Supreme Court blocks Purdue Pharma settlement over Sackler family immunity

August 11, 2023

The Supreme Court on Thursday blocked Purdue Pharma from a bankruptcy settlement because it would have immunized the Sackler family from future opioid-related lawsuits. 

The Biden Administration had called the terms of the bankruptcy reorganization deal for the OxyContin manufacturer “unprecedented.” 

In a brief order with no dissenting votes noted, the Justices blocked an appeals court decision to allow the bankruptcy settlement, which would have given the Sacklers completely release from liability in any future cases in exchange for $6 billion to settle currently pending opioid-related claims. 

Until recently, the Sackler family controlled Purdue Pharma. The family members withdrew roughly $11 billion from the company before it filed for bankruptcy. 

Solicitor General Elizabeth Prelogar asked the Supreme Court to intervene, arguing that the $11 billion withdrawal was done so to shield Sacklers from liability.

When Purdue filed for bankruptcy the Sackler family members negotiated a separate deal with pharmaceutical company and some plaintiffs that would allow the company to reinvent itself in an effort to combat the opioid crisis.

Prelogar called releasing the Sacklers from any liability amid “willful misconduct” an “abuse of the bankruptcy system.” 

In 2020 Purdue Pharma pleaded guilty in federal court to conspiracies to defraud the U.S. and violate the anti-kickback statute. In its plea, the company “admitted that it marketed and sold its dangerous opioid products to healthcare providers, even though it had reason to believe those providers were diverting them to abusers,” according to the Department of Justice.

Between 1999 and 2020, the height of the opioid epidemic, roughly one million Americans died from overdoses, according to the CDC.

In May, the New York-based 2nd Circuit Court of Appeals had approved Purdue’s bankruptcy deal, which was also opposed by eight states and the District of Columbia as well as the Biden Administration.

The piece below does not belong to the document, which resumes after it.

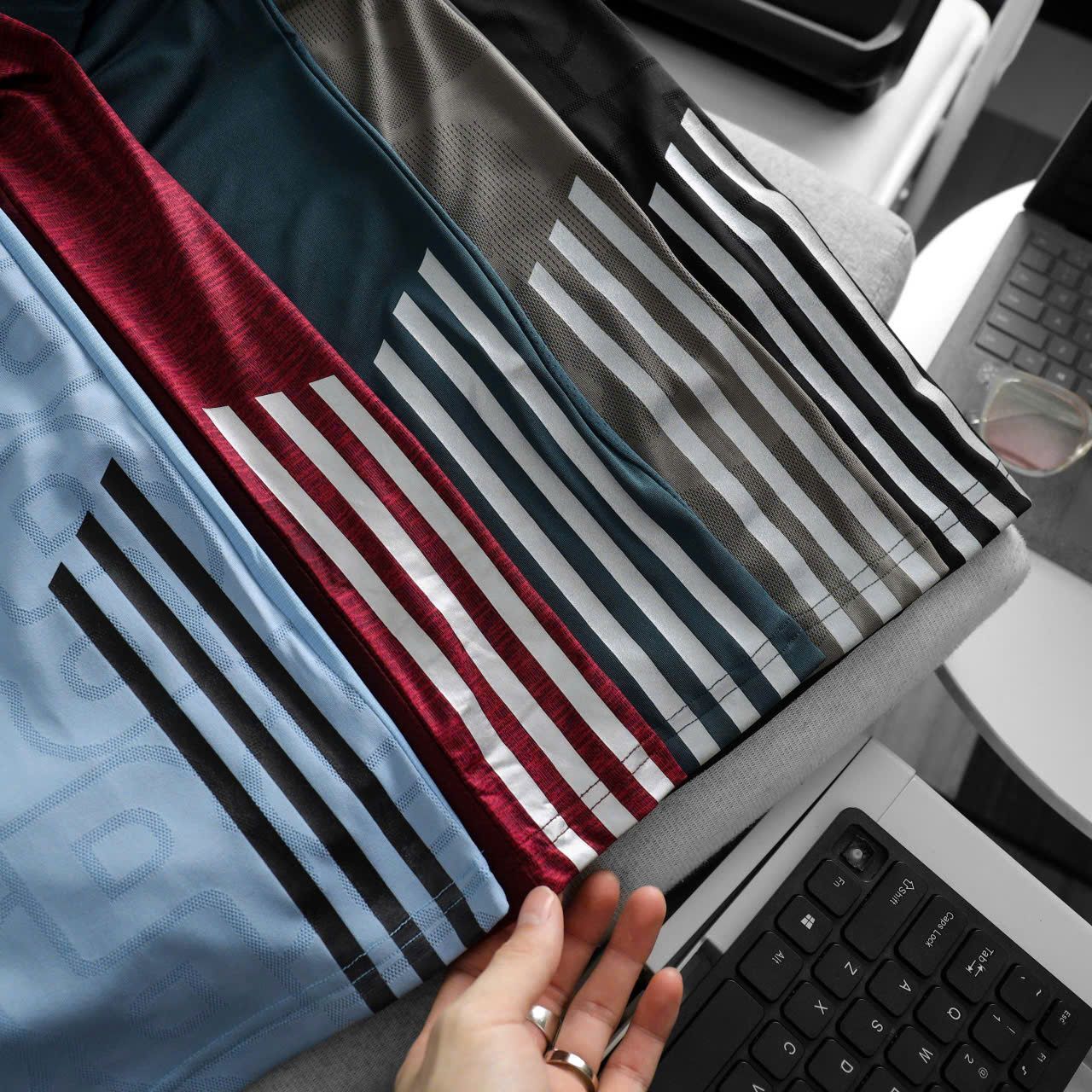  Áo Adidas 3 sọc Training 2025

However, those states eventually signed on to a renegotiated agreement and did not join the Biden Administration in its appeal to the Supreme Court. 

A group representing some 60,000 people seeking compensation from Purdue filed a brief with the Supreme Court backing the Purdue plan.

“Personal injury victims recognized that the third-party releases are necessary to a global settlement that delivers critical value to all opioid-affected communities in America through direct payments to those injured and billions of dollars of abatement funds to prevent further injuries,” their brief said.